Both the palette and the subject matter of Jack Sabon's Indian paintings were set at the Institute of American Indian Arts in Santa Fe, NM. Steeped in the pan-Indian culture of the school's atmosphere, he began for the first time to tap into his roots for inspiration. The brilliant colors of the Southwest influenced the choices of hues for his work there and he often reached back to Alaska for subject matter. The combination of the two produced works like "Thunderbird by Crocuses".
The shaman series features dramatic, faceless figures; sometimes benignly musing as in "Shaman's Weave", other times embroiled in the drama of the universe as in "Essential Elements". The horned figure of "Shaman Drum" enhances the instrument to the point of seemingly influencing the sound.
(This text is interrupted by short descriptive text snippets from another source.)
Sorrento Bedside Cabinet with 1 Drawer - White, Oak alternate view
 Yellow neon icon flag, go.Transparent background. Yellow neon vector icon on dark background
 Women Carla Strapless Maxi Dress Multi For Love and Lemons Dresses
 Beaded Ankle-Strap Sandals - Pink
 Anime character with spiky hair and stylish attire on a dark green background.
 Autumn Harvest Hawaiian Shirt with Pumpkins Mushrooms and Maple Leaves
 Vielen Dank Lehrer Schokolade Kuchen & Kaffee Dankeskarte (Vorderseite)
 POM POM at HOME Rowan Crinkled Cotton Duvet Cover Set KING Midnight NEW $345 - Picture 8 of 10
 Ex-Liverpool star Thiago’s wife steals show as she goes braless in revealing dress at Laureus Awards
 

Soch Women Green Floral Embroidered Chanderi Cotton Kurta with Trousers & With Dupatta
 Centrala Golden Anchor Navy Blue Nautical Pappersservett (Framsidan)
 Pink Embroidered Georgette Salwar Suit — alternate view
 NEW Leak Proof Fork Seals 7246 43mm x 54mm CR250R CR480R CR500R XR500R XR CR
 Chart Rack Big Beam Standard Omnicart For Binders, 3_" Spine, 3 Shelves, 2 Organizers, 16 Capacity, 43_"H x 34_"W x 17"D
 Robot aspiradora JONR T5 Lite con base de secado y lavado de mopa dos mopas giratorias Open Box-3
"Sweat Lodge Rocks, I and II" are part of a series of nine paintings of glowing sweat lodge rocks which Sabon has combined in groupings of four to nine in various shows. They nest in the pit in the dark sweat lodge, glowing and sizzling, waiting the water that makes them heat the lodge.
Indian humor is seen in the work of a number of 20th and 21st century Indian artists from T.C. Cannon to Sam English. Sabon's humor comes out in "Game's On", with the juxtaposition of the ancient tipi and the contemporary solar panels and satellite dish. Inside, the glow of a television holds a group of Indians mesmerized as they follow the game. In a lot of works of this genre, it is the conflict between past and present that provides the subtle humor.
Finally, the two "Water Birds I and II" are influenced by the tipi ceremonies of the Native American Church.